As the latest innovations in AI and augmented reality push users to engage with reality through a completely new set of filters, future versions of similar apps can potentially distort conceptions of embodiedness, where definitions of ‘human’ and ‘death’ are in constant flux.
Far from just selling a product, the apps which normalise conversations in real-time with the avatars of deceased relatives are also selling us a worldview, according to which mortality is a technical bug that can be corrected through technology in a synthetic cybernetic existence.
Today, we are being tempted to trade our humanity for an understanding of man, life and the universe which is filtered through the prism of technology. This dystopian future which was once believed to be the stuff of science fiction is the ‘new normal’ which many AI architects are conditioning us to embrace.
Moratorium
As Muslims who have certainty in death, an afterlife and Day of Judgement, the suggestion that mortality can be digitally reversed through biohacking contradicts the unique and fundamental nature of God’s creation and creates an illusion of control over life and death.

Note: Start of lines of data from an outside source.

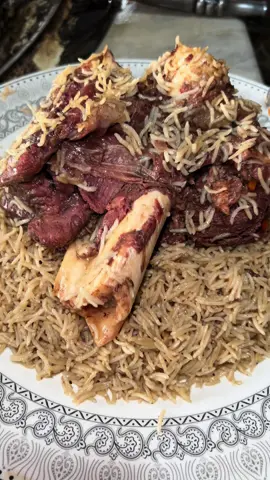 Karkhano Bazar baba wali Kabuli pulao #pakistanfoodieshub #localstreetfood #karkhanomarketpeshawar 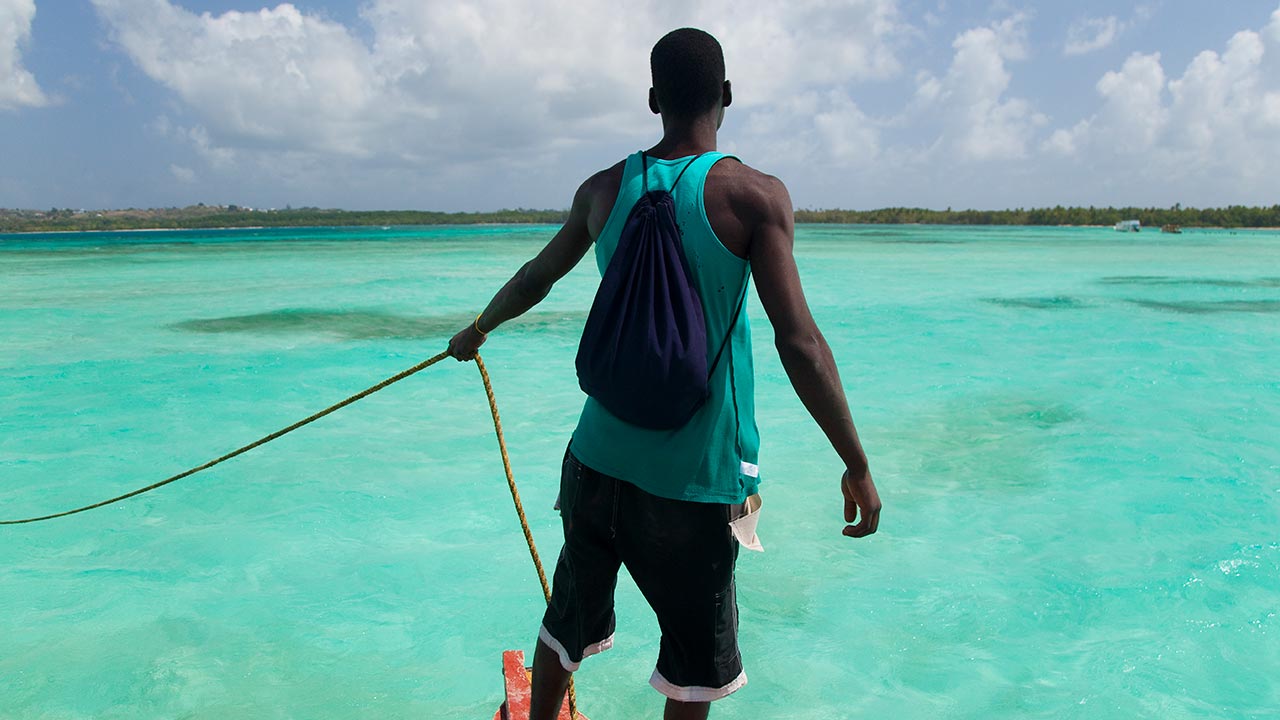 man-on-small-boat-turquoise-water_1281x720
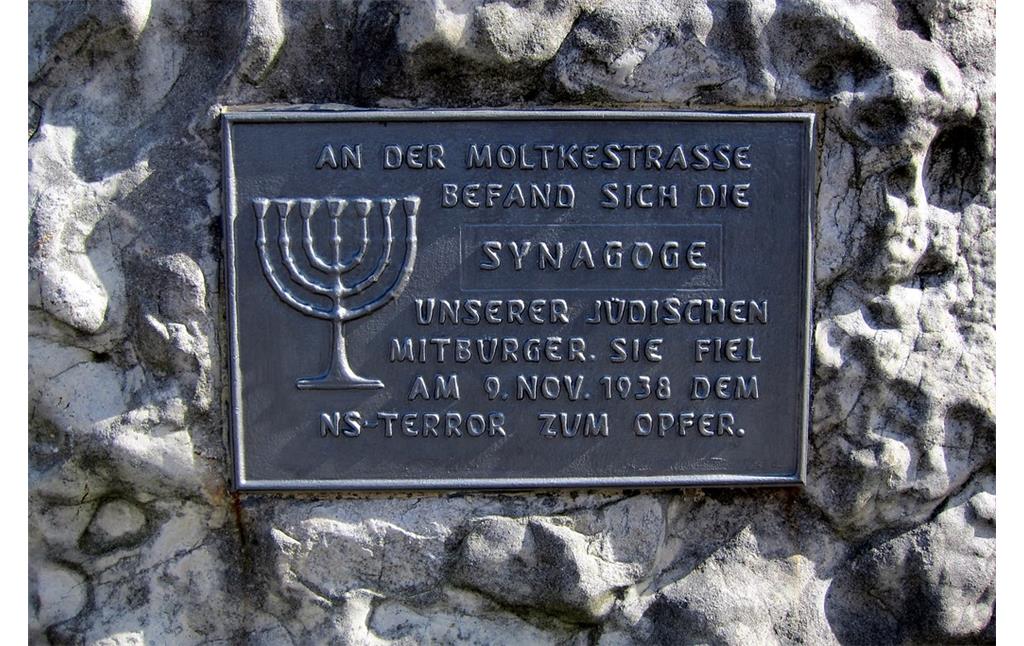 Die metallene Inschriftentafel auf dem Gedenkstein an die 1938 zerstörte Synagoge in der Eschweiler Moltkestraße (2014)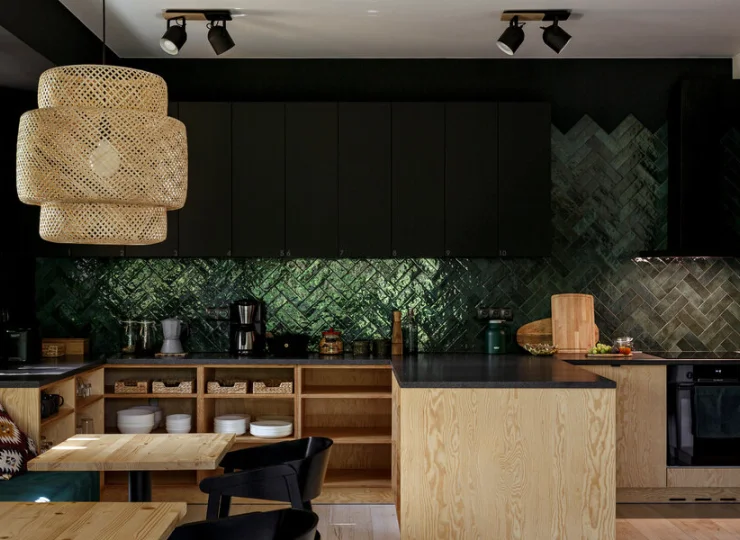 Posiłki można przygotować w ogólnodostępnej kuchni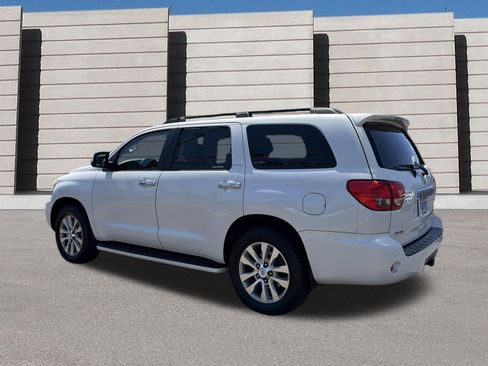 Used 2008 Toyota Sequoia Platinum RWD image 3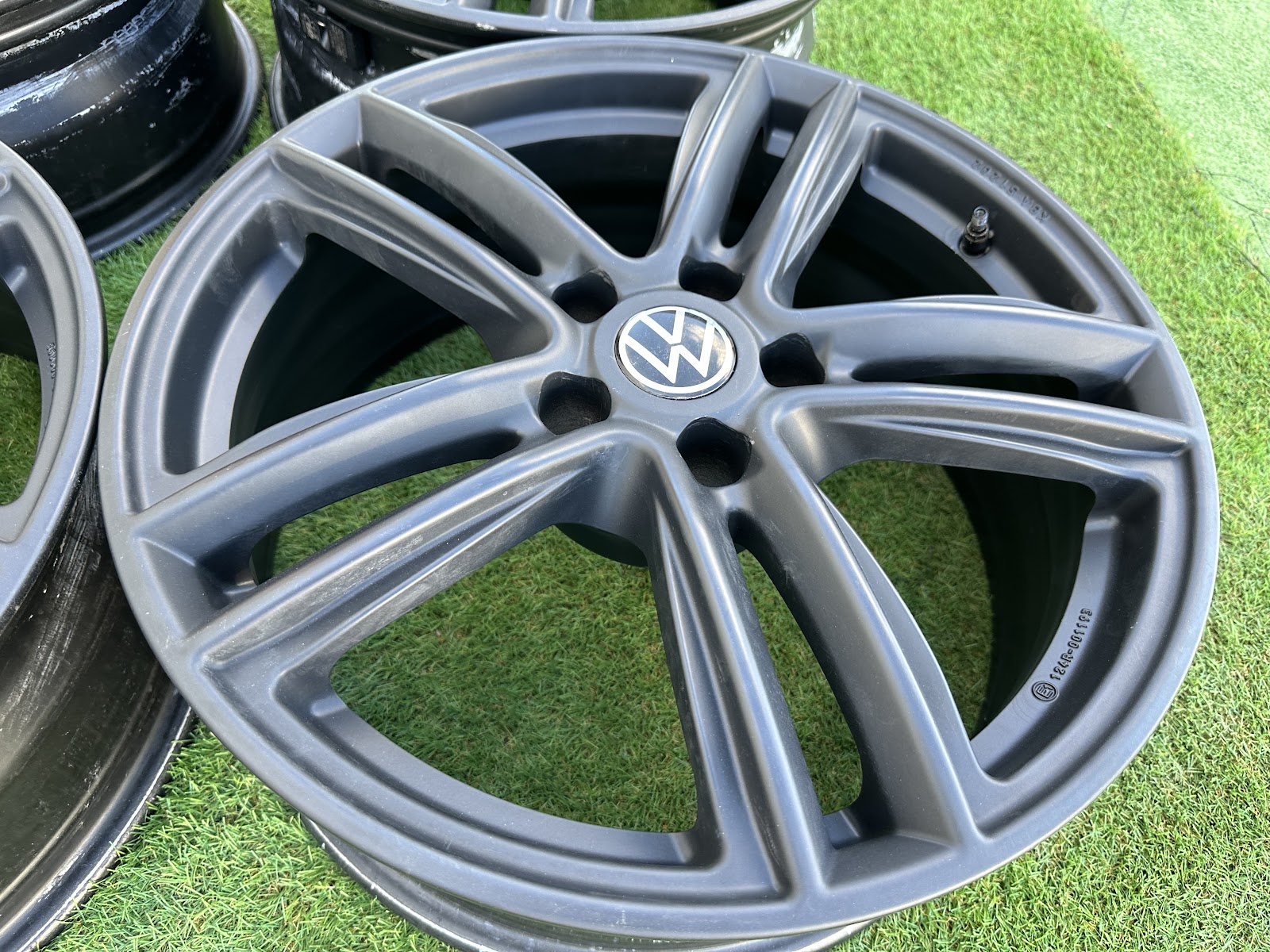 Volkswagen VOKISKI - 7J, ET45 - Image 2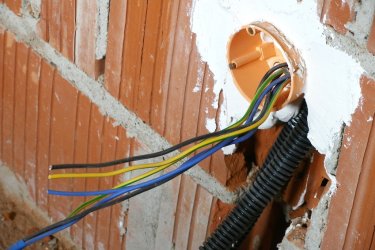 Como encontrar o eletricista certo para substituir a fiação em casa
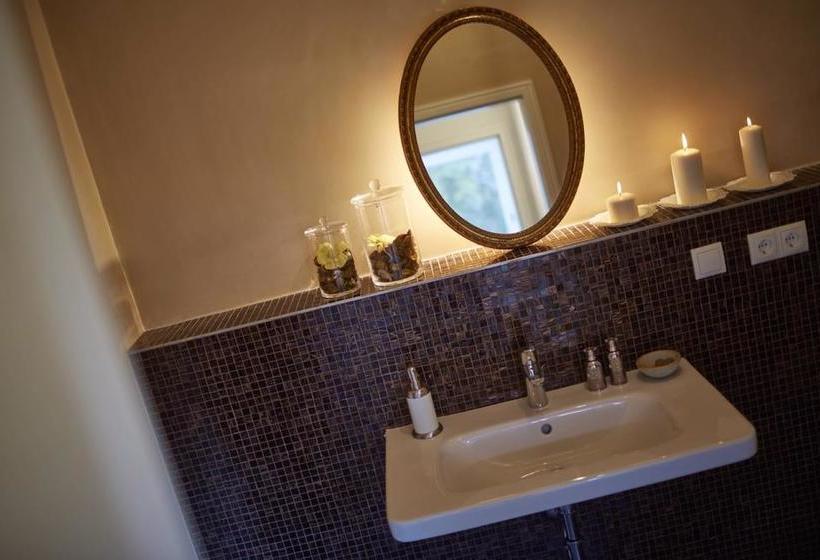 Hotel Amandas Villa Erlenbad 11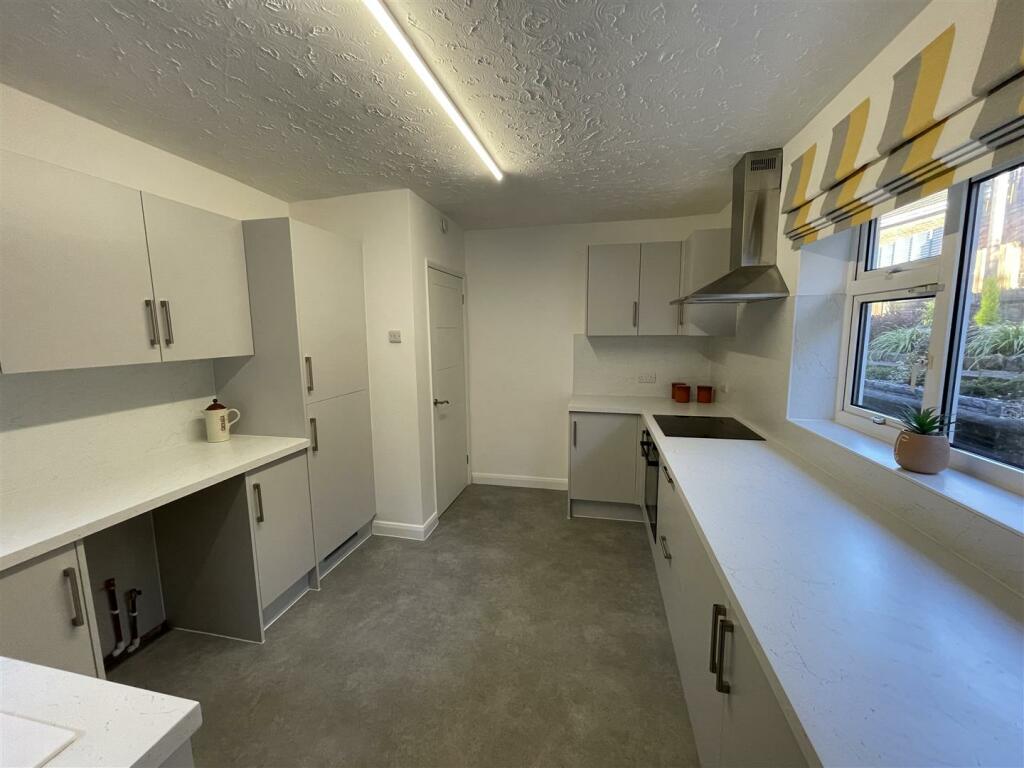 Holbrook Road 12.jpg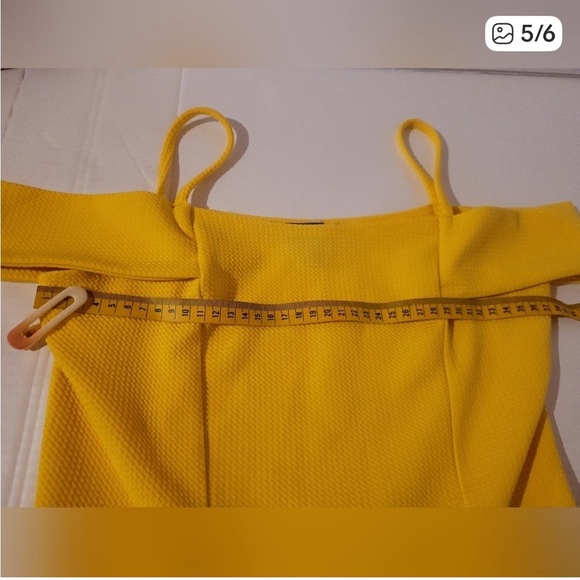 Suzy Shier Vibrant Yellow Blouse - Picture 5 of 6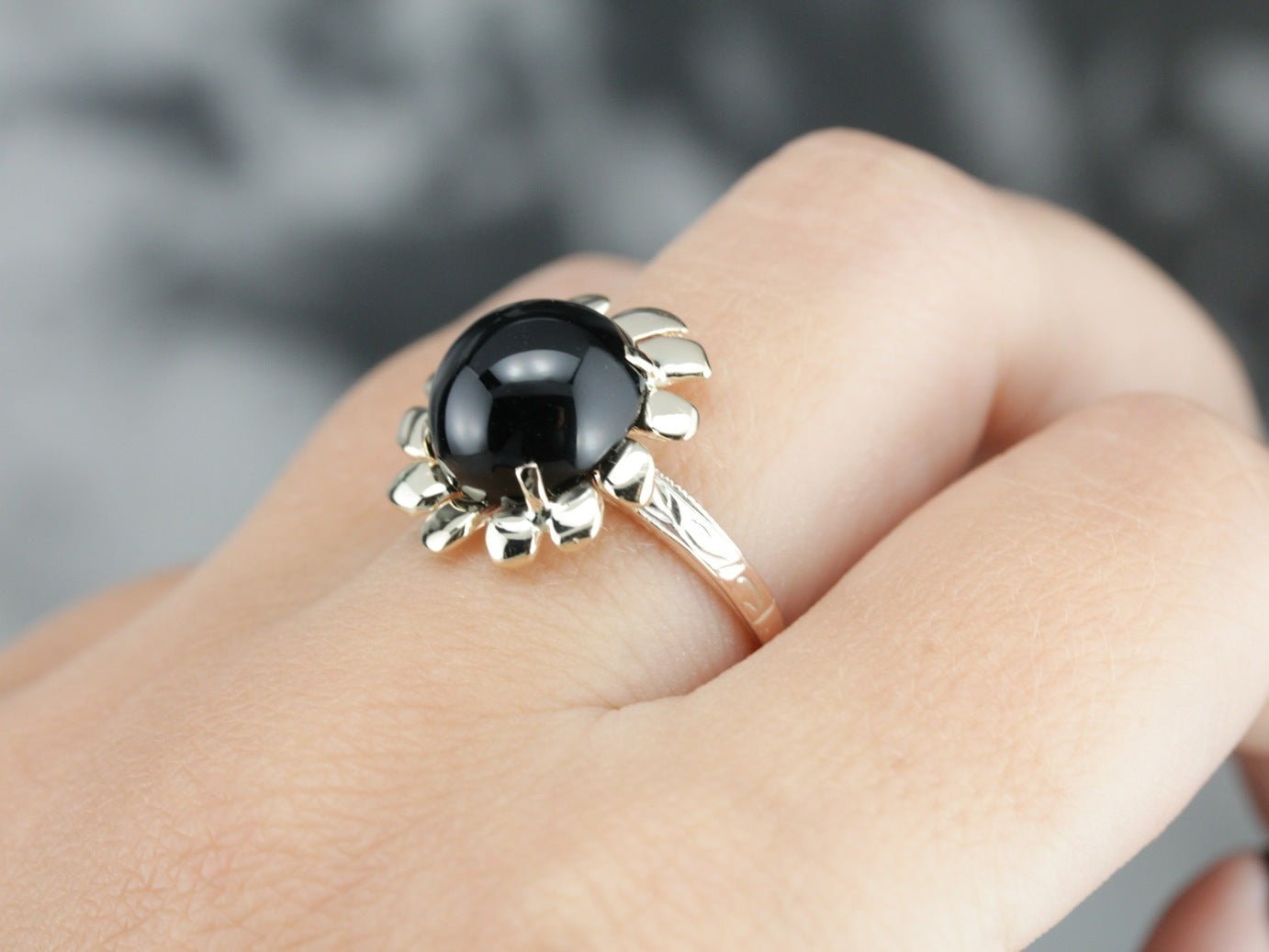 Black onyx flower ring deals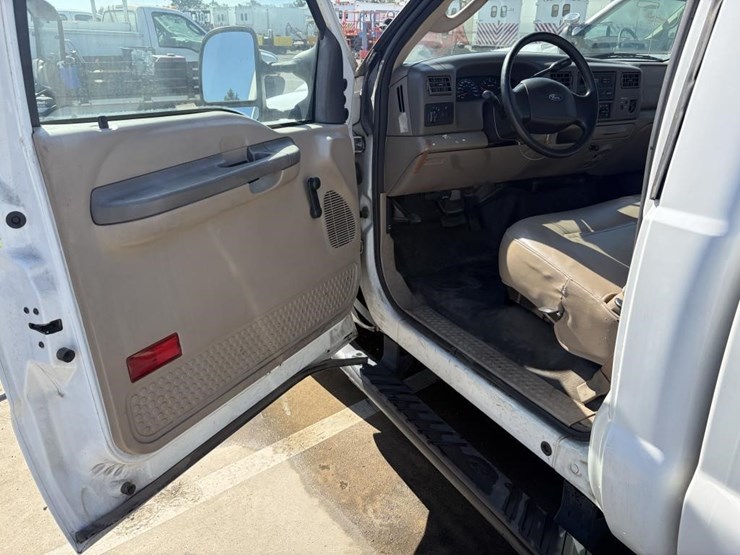 2004-ford-f350-xl-image-12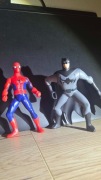 Figurka Batmana i Spidermana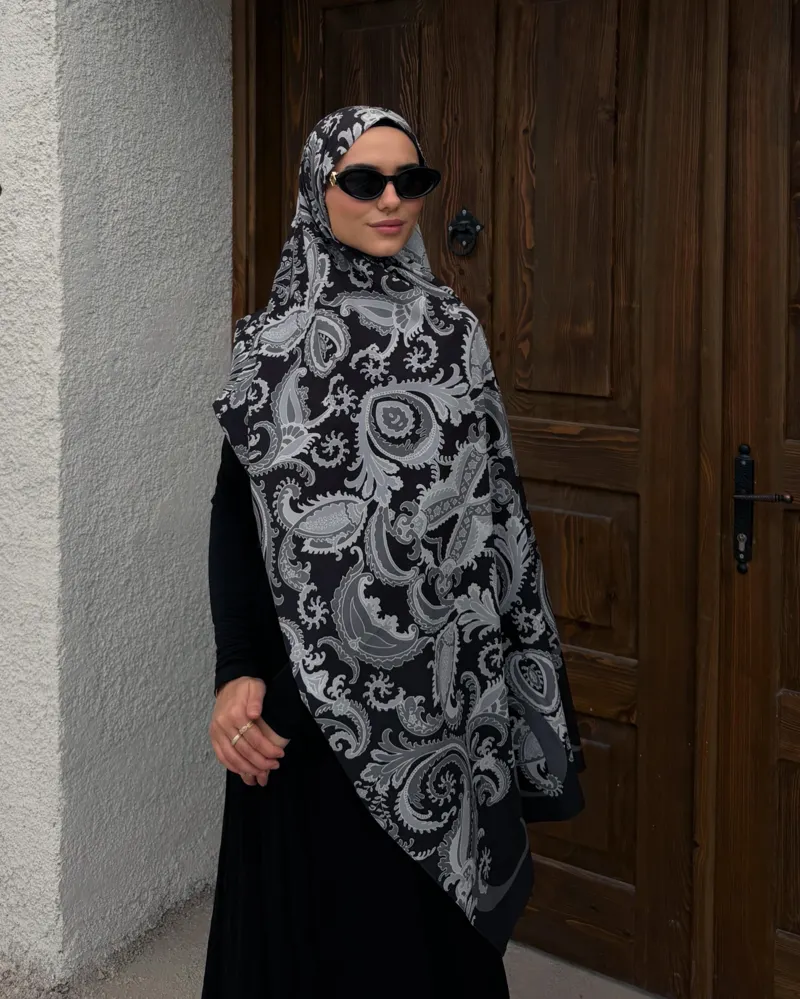 Eslem'in Siyah Deva Desen Pamuk Vual Şal Tercihi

As stated in the Qur’an, the temptation to play God and cheat death always ended in
catastrophe. Today, we are again confronted with promethean forces over-estimating human capabilities in pursuit of an escapist posthuman technotopia.
Given the dangers with the salvation narrative of transhumanism and the pace at which this insidious reality could be upon us, Muslim scholars should consider a moratorium specifically on AI apps which normalise digital necromancy and acclimate users to treat death as a solvable problem.
Allah did not create mankind to confide in coded algorithms and digital avatars for our spiritual and emotional disconnect. While it is crucial for Muslims to harness the potential of AI for the benefit of mankind, it is equally important to resist the shaping power of transhumanism by offering an intellectual, psychological and spiritual bulwark against its false metaphysical promises.